The Dhandho Investor: Mohnish Pabrai’s Investing Moat

In the 1970s, a small ethnic group from India named the Patels first began arriving in the United States as poorly educated people with no money to their name. Today, this small sub-part of Indians makes up only about 0.1% of the U.S. population but has ended up owning well over 50% of all U.S. motel assets worth well over $50 billion.

And after conquering motels, The Patels went upmarket and started trumping high-end hotels such as the Marriotts, the Hyatts, and the Hiltons applying the same principles which allowed them to gobble up a dominating position in the motel business.

How was this possible?

The answer is that they simply outcompeted everyone using the principles of what author Mohnish Pabrai calls “Dhandho”;  a low-risk, high-return approach to business stemming from the Gujarati word meaning endeavors that create wealth.

The Dhandho way of doing business is the pillar behind Mohnish’s own investing approach at Pabrai Investment Funds, and in The Dhandho Investor, he wonderfully distills the framework for how the Dhandho principles can be applied successfully in the stock market.

We’ll get back to the Patels and the Dhandho investor framework later in this summary. But first, In case you don’t know Mohnish Pabrai, here’s a short introduction of him:

In 1991, Mohnish started an IT consulting and systems integration company, TransTech, Inc. with $100,000 including $70,000 in credit card debt. 9 years later, he sold the company for several million dollars. The year before selling, he started Pabrai Funds following the same principles and structure (no management fee) behind Warren Buffett’s early partnership from 1956-1968. Since then, he has knocked it out of the park. Starting with $1 million in capital backed by 8 families at inception and a firm value investing approach, the Pabrai Funds has since achieved an annual return of about 13.3% after fees compared to the S&P 500’s 6% return as of the end of June 2019. Today, Pabrai Funds manage over $500 million.

At Pabrai Funds, there are no armies of investment managers and analysts.
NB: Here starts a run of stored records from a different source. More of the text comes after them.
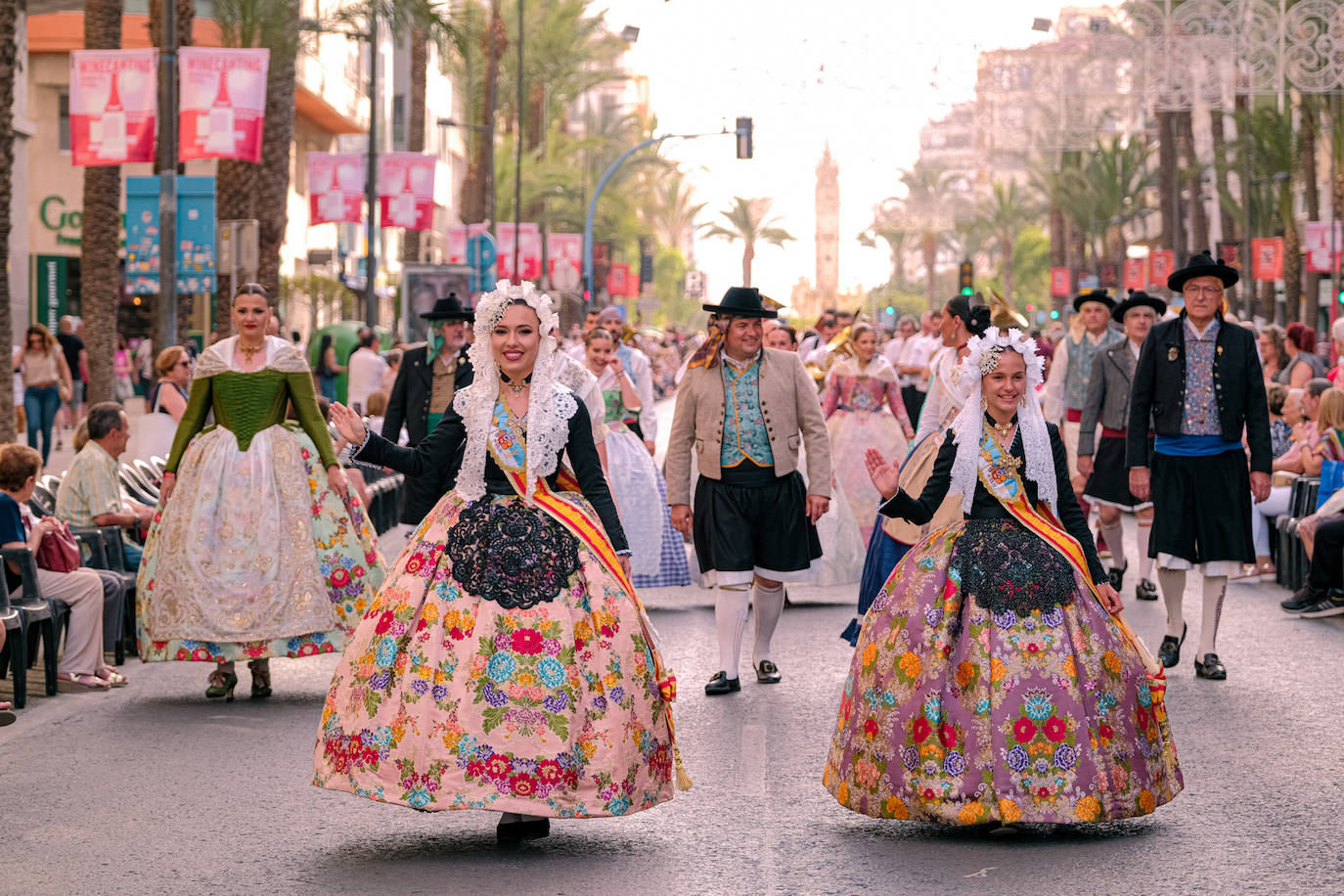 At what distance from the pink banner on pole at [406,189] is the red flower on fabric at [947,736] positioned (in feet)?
112

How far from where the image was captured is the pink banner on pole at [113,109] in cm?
2108

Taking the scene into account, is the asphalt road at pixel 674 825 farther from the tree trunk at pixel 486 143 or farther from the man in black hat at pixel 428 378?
the tree trunk at pixel 486 143

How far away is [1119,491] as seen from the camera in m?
13.8

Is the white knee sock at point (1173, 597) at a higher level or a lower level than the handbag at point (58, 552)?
lower

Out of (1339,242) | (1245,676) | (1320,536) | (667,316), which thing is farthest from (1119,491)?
(667,316)

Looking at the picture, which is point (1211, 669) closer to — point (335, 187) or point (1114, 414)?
point (1114, 414)

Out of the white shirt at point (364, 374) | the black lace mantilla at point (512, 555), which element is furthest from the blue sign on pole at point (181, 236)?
the black lace mantilla at point (512, 555)

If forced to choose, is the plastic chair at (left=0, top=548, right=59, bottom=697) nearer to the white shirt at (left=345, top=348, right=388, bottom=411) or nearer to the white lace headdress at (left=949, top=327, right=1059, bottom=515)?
the white lace headdress at (left=949, top=327, right=1059, bottom=515)

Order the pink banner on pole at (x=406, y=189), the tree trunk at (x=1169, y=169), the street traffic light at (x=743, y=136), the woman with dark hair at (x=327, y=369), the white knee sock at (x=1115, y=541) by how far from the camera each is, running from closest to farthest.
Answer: the white knee sock at (x=1115, y=541)
the woman with dark hair at (x=327, y=369)
the pink banner on pole at (x=406, y=189)
the street traffic light at (x=743, y=136)
the tree trunk at (x=1169, y=169)

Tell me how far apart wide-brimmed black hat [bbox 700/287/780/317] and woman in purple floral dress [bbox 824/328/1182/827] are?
128 inches

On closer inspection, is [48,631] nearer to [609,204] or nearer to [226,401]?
[226,401]

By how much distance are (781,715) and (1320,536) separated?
→ 215 inches

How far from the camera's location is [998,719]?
680 cm

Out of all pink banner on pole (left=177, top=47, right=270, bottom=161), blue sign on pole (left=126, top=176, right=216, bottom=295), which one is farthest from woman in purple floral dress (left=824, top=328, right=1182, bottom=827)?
pink banner on pole (left=177, top=47, right=270, bottom=161) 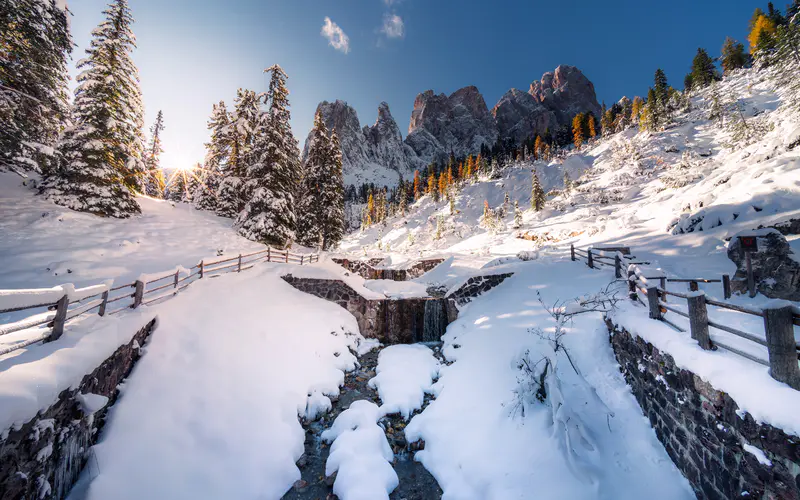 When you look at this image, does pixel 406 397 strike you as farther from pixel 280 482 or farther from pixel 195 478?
pixel 195 478

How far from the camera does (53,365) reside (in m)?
4.24

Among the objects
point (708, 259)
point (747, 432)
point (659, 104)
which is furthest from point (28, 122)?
point (659, 104)

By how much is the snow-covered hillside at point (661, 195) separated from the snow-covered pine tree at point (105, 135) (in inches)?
1068

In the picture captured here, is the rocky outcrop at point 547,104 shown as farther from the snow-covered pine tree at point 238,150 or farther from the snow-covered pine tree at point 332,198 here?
the snow-covered pine tree at point 238,150

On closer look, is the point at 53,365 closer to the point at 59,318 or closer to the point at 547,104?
the point at 59,318

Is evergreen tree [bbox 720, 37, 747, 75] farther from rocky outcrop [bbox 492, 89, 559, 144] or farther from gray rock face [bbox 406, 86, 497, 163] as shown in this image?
gray rock face [bbox 406, 86, 497, 163]

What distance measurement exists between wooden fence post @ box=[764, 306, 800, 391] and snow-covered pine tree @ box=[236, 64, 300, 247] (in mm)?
21681

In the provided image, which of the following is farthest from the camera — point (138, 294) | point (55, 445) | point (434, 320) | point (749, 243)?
point (434, 320)

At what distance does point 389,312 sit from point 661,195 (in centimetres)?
2924

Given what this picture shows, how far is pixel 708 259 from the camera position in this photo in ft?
40.7

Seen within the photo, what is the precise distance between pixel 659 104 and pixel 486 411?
7376cm

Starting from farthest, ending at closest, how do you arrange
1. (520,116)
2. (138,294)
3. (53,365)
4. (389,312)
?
(520,116) → (389,312) → (138,294) → (53,365)

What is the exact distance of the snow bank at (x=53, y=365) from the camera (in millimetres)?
3504

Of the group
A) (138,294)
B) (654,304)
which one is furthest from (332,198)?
A: (654,304) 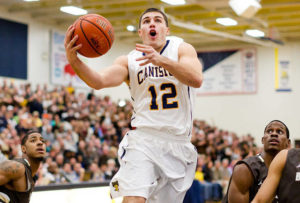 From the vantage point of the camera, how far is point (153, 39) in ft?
13.7

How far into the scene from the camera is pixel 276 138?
456cm

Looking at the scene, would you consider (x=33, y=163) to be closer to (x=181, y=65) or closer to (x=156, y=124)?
(x=156, y=124)

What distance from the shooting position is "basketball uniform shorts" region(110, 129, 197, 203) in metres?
3.92

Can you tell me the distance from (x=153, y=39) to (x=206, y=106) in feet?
65.8

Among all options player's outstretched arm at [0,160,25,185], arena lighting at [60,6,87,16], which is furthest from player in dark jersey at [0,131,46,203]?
arena lighting at [60,6,87,16]

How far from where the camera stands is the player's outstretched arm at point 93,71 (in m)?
3.62

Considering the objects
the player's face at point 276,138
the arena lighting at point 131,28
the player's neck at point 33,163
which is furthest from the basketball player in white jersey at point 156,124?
the arena lighting at point 131,28

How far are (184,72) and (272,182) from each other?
38.8 inches

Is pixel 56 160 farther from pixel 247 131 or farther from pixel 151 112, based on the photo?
pixel 247 131

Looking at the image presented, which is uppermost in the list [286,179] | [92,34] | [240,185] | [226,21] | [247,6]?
[226,21]

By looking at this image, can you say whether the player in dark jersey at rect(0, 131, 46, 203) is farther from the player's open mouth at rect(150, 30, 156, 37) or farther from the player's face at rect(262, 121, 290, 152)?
the player's face at rect(262, 121, 290, 152)

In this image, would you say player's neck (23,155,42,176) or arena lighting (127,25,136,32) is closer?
player's neck (23,155,42,176)

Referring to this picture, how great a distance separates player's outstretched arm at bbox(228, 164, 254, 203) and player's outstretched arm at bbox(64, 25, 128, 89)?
138cm

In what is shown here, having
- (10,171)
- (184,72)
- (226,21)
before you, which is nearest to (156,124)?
(184,72) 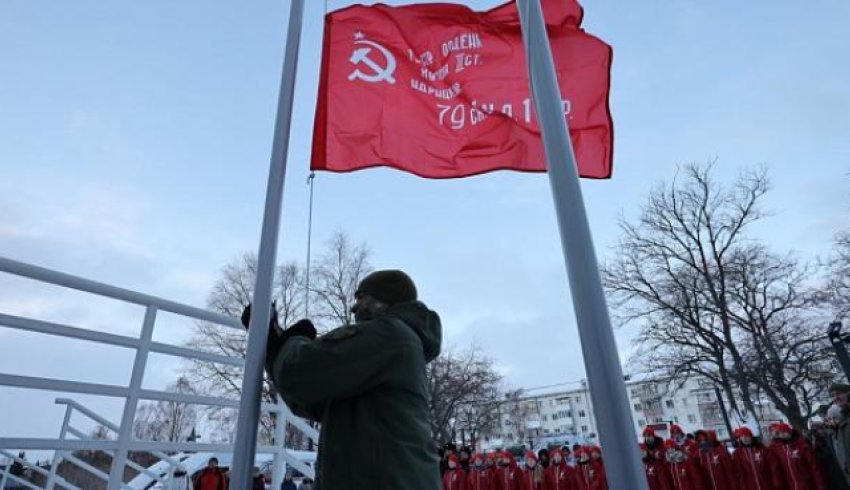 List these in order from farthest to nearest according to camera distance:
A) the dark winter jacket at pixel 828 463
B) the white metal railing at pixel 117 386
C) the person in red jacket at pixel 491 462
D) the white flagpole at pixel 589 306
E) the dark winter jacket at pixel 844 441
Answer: the person in red jacket at pixel 491 462, the dark winter jacket at pixel 828 463, the dark winter jacket at pixel 844 441, the white metal railing at pixel 117 386, the white flagpole at pixel 589 306

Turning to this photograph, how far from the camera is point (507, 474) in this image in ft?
46.5

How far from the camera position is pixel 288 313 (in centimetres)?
2839

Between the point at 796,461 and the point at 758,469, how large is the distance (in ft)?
2.40

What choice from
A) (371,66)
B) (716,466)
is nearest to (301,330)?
(371,66)

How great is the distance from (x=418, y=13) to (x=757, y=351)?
22.8 metres

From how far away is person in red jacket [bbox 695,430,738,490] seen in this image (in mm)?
11110

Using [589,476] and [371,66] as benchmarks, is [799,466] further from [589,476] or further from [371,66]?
[371,66]

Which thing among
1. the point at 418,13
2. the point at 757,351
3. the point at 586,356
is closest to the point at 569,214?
the point at 586,356

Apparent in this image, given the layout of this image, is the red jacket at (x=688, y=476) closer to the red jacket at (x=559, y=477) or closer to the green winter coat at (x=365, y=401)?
the red jacket at (x=559, y=477)

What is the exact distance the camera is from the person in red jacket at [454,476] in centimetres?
1481

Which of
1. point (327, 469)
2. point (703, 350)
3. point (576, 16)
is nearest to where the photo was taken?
point (327, 469)

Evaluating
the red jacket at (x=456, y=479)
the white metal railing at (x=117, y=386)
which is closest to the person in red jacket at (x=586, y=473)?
the red jacket at (x=456, y=479)

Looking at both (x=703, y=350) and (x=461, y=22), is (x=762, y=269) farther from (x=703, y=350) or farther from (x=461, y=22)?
(x=461, y=22)

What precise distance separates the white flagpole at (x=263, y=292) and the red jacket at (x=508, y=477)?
1352 cm
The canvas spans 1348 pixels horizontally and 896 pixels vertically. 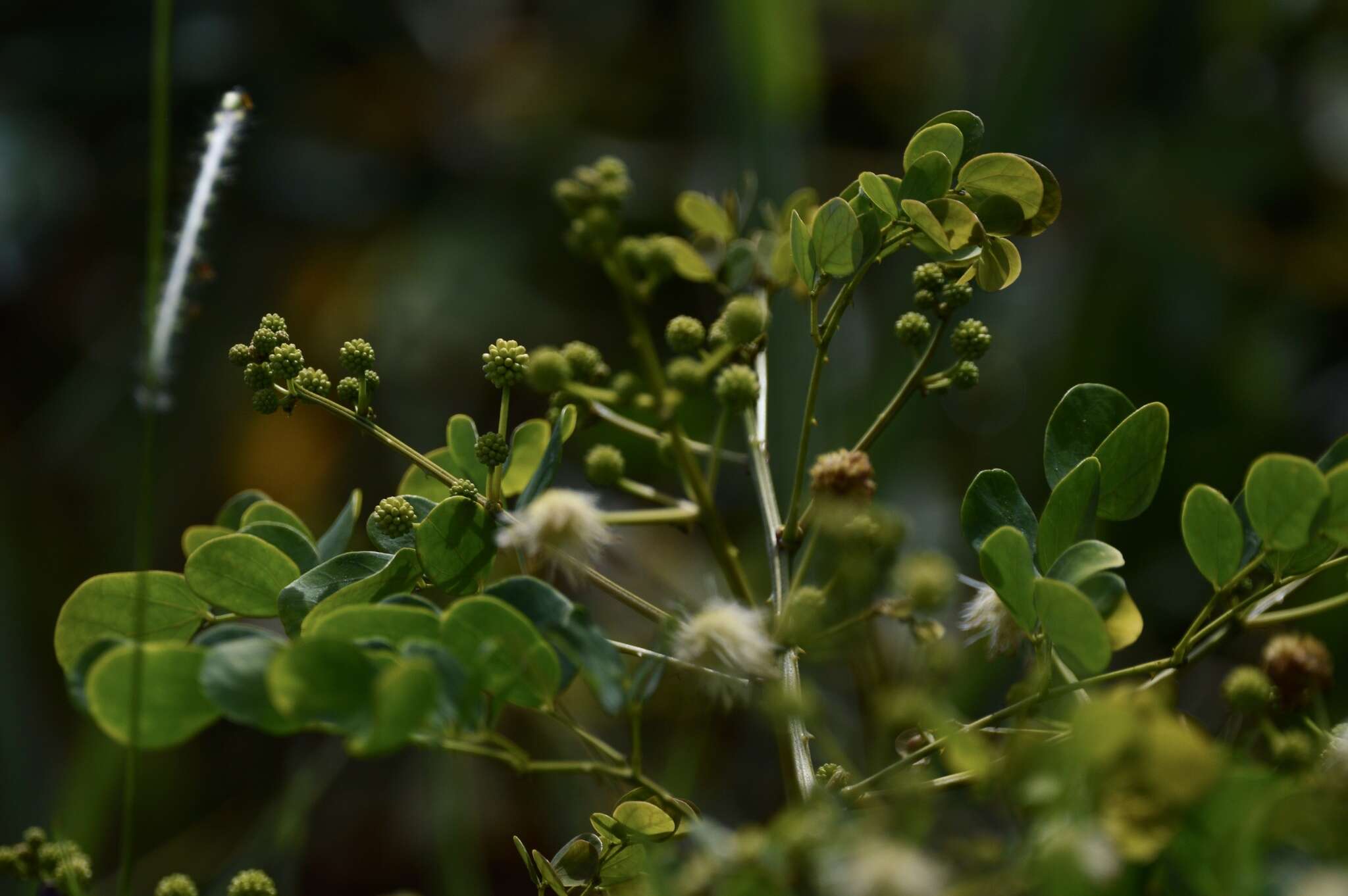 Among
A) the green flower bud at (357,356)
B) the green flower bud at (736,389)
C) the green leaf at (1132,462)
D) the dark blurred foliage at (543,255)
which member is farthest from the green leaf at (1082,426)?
the dark blurred foliage at (543,255)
The fund and every investment decision are solely managed by Mohnish. He decides very meticulously how to conduct his day, who to cultivate relationships with, and what to read and think about independently.

In 2005, Mohnish came to the conclusion that poverty is driven by lack of education. So he and his wife founded the Dakshana Foundation; a non-profit operating with the same principles that made him a wildly successful value investor, using checklists and simple metrics to help educate Indians living in slums.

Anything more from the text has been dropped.